Determine how many lines in the entries below contain "Used", and output only that number.

▸ **Stored data entries**
Content starts

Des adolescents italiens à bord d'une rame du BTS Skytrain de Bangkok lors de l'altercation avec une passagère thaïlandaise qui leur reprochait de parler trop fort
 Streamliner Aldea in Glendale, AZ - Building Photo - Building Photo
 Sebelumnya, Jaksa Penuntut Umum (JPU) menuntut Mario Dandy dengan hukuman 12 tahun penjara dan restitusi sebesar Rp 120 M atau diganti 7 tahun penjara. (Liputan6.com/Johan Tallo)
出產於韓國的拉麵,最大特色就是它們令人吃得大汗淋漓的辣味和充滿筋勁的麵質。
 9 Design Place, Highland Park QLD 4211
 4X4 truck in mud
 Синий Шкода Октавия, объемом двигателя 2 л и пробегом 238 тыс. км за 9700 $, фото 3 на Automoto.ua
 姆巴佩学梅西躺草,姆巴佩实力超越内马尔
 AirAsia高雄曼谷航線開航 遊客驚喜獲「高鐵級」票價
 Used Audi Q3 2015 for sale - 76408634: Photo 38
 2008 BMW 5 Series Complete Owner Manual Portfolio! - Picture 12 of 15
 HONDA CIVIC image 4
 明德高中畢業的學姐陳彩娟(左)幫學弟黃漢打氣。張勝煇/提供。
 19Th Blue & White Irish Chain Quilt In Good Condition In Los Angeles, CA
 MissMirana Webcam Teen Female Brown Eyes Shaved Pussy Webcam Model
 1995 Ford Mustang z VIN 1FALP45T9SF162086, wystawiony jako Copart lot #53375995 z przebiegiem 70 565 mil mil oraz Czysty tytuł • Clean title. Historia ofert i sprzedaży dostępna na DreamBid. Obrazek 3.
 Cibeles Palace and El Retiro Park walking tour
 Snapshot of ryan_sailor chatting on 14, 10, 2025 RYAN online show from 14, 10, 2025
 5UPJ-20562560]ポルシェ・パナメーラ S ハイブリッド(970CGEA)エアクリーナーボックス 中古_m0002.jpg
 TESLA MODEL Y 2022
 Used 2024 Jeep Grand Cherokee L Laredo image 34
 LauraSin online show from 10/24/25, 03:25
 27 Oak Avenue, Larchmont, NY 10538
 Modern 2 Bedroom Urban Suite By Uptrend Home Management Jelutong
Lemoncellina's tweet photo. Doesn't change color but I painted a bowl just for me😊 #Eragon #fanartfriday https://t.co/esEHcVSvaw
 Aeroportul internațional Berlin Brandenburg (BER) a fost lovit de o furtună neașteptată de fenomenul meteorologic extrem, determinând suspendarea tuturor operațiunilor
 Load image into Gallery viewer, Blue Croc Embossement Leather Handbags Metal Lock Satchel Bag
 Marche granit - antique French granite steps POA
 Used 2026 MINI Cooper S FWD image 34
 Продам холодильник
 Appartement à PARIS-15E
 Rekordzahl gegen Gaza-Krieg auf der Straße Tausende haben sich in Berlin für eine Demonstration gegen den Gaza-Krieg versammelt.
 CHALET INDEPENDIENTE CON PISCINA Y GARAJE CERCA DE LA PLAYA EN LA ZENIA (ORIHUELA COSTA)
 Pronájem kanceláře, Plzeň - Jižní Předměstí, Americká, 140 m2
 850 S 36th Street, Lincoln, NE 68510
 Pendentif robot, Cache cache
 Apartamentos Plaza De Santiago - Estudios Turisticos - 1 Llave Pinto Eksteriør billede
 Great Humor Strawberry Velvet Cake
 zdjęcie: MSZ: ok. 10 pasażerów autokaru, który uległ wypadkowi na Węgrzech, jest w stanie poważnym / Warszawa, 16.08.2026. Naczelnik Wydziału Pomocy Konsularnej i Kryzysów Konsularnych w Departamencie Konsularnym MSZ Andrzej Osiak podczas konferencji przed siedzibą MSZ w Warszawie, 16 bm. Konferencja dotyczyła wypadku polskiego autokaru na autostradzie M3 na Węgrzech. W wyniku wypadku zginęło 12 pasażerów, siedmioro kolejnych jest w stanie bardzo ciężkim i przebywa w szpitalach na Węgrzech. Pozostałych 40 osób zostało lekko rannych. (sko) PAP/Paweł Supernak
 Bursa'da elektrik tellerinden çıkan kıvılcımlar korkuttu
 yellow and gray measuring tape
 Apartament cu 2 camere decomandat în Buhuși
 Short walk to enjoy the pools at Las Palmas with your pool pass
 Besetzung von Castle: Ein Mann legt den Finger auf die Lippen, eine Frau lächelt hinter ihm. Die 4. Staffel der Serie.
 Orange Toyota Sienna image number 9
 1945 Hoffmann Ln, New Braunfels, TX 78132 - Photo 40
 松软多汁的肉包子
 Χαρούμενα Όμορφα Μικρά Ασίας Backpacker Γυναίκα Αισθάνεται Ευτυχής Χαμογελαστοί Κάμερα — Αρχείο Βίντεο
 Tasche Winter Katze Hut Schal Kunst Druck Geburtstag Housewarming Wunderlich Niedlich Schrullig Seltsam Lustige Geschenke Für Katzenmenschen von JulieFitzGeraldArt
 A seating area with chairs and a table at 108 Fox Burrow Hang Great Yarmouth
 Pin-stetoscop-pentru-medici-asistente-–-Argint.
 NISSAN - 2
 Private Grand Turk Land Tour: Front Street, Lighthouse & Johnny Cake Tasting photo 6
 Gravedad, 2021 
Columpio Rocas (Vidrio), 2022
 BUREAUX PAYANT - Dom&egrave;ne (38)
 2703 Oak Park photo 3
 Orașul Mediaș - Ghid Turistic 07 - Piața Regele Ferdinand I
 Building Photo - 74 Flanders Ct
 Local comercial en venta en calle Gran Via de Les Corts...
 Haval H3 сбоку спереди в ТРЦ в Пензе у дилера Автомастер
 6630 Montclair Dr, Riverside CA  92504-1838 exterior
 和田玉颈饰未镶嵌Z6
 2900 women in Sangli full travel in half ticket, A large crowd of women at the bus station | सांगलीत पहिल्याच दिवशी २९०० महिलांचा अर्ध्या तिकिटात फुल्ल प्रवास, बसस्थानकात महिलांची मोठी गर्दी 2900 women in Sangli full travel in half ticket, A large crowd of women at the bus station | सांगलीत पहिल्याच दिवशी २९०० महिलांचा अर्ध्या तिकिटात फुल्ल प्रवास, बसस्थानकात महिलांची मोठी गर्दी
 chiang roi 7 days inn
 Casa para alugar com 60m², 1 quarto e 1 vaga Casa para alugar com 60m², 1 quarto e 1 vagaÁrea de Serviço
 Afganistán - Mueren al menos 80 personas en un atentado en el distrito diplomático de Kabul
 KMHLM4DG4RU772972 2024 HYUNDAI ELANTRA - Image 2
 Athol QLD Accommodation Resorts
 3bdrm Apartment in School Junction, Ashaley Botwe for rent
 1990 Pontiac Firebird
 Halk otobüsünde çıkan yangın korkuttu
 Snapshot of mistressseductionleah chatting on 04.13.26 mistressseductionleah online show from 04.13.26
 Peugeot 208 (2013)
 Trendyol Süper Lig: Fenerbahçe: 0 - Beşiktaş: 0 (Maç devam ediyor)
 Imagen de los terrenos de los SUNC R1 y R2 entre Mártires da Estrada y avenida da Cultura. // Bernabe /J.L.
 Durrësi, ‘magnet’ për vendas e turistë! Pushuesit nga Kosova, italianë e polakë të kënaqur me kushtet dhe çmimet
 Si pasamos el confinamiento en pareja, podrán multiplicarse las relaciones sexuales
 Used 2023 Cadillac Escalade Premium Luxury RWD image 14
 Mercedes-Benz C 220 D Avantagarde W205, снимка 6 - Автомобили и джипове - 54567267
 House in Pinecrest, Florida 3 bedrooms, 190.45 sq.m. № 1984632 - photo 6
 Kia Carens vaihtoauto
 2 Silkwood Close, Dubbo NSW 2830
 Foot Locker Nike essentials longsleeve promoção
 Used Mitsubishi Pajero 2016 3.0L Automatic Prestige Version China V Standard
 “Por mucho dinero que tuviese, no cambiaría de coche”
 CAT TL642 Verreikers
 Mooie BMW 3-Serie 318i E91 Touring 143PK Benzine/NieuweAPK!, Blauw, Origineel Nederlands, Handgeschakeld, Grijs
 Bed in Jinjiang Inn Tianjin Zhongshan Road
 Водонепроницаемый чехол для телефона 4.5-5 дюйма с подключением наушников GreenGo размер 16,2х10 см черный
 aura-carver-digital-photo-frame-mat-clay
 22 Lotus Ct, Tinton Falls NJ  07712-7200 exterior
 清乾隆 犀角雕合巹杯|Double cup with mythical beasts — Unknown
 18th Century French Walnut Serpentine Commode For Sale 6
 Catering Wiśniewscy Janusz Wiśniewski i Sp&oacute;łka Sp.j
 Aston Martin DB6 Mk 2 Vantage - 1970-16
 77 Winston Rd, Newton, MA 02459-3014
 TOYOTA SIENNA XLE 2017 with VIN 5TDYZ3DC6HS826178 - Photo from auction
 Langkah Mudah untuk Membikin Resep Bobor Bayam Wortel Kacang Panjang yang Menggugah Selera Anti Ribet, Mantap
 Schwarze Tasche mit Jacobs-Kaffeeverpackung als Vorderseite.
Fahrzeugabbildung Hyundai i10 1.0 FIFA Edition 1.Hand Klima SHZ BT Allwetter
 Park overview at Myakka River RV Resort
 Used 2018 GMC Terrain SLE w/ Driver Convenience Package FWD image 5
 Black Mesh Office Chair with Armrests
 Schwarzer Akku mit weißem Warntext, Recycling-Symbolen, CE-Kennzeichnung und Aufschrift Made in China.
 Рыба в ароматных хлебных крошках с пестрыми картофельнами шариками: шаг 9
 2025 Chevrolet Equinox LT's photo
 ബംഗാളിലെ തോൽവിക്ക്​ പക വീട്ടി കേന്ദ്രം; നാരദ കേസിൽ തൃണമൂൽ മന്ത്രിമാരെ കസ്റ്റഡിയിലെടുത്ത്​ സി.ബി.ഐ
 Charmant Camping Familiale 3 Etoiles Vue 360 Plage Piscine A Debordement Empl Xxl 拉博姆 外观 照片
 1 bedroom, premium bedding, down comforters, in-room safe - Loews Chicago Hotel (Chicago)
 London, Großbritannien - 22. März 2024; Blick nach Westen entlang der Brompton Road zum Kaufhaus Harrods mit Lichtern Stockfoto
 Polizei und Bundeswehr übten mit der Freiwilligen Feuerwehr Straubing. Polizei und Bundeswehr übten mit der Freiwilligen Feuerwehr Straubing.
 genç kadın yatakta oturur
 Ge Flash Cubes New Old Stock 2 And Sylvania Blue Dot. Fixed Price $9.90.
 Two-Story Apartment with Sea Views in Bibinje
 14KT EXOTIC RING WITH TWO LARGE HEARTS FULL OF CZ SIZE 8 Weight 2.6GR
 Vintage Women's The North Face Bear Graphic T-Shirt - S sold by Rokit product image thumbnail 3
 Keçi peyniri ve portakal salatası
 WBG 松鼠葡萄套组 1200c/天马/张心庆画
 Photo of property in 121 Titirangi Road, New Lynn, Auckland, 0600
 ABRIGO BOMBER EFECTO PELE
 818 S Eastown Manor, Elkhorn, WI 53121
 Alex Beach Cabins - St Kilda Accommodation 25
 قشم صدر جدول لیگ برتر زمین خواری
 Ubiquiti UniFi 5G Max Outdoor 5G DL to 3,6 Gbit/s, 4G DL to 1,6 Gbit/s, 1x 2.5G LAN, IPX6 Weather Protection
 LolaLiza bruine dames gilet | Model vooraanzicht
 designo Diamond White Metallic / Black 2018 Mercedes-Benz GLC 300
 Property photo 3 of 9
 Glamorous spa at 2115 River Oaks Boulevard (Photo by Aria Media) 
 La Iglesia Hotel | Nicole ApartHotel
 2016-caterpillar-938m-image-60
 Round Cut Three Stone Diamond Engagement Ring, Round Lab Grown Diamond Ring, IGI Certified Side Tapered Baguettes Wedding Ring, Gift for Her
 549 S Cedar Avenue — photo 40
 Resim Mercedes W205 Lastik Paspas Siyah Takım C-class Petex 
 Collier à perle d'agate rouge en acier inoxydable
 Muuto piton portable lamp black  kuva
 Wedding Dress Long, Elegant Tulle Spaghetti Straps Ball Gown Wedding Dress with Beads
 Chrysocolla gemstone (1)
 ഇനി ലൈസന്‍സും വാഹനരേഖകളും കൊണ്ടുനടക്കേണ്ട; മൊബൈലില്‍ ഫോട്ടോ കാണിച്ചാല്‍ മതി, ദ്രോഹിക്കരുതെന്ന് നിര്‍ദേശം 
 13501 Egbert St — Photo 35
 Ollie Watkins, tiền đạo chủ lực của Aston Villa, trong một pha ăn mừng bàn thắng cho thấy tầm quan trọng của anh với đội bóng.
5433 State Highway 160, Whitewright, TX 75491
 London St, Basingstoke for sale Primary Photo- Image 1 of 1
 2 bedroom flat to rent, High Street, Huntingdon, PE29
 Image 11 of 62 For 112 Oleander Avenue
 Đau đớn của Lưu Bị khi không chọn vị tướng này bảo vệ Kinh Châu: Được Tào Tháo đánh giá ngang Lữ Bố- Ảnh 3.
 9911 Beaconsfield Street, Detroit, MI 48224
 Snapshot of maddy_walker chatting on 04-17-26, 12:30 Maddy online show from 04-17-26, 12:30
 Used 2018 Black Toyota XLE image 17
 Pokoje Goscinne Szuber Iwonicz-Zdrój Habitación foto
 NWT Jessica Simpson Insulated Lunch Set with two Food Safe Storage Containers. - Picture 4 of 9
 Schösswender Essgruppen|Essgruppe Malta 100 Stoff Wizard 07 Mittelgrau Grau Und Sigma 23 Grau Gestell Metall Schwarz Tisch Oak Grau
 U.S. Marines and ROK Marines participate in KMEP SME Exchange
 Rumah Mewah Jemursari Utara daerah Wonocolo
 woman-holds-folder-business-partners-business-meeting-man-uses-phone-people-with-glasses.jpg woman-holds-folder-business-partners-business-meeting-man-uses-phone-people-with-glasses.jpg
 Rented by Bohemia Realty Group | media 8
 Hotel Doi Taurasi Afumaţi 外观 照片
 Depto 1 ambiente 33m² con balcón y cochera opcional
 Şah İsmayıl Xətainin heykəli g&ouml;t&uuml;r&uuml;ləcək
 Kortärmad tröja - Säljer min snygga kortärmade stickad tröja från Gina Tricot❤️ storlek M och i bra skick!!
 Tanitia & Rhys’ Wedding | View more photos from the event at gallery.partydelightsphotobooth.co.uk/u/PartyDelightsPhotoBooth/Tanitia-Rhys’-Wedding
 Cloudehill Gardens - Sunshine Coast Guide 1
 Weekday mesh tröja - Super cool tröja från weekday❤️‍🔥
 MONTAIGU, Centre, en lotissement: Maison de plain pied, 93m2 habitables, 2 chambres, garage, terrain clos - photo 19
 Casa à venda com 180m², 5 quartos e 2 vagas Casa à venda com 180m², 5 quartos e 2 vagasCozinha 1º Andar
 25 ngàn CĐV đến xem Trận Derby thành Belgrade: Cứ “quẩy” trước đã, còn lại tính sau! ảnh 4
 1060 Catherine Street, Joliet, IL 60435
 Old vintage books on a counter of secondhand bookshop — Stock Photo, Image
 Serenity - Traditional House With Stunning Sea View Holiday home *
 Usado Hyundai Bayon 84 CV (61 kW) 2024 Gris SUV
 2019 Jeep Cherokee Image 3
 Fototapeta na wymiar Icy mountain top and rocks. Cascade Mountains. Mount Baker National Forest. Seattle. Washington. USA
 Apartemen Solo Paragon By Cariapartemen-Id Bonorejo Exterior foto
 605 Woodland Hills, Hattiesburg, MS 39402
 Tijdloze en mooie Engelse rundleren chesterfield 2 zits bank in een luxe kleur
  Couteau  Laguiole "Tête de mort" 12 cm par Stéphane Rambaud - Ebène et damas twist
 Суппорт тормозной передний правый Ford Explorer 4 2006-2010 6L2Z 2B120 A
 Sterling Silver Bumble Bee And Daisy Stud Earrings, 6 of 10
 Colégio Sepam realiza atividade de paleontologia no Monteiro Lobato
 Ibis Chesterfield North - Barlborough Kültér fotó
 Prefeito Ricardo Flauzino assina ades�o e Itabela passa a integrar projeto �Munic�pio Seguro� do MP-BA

Content ends

▸ **REPLY**
7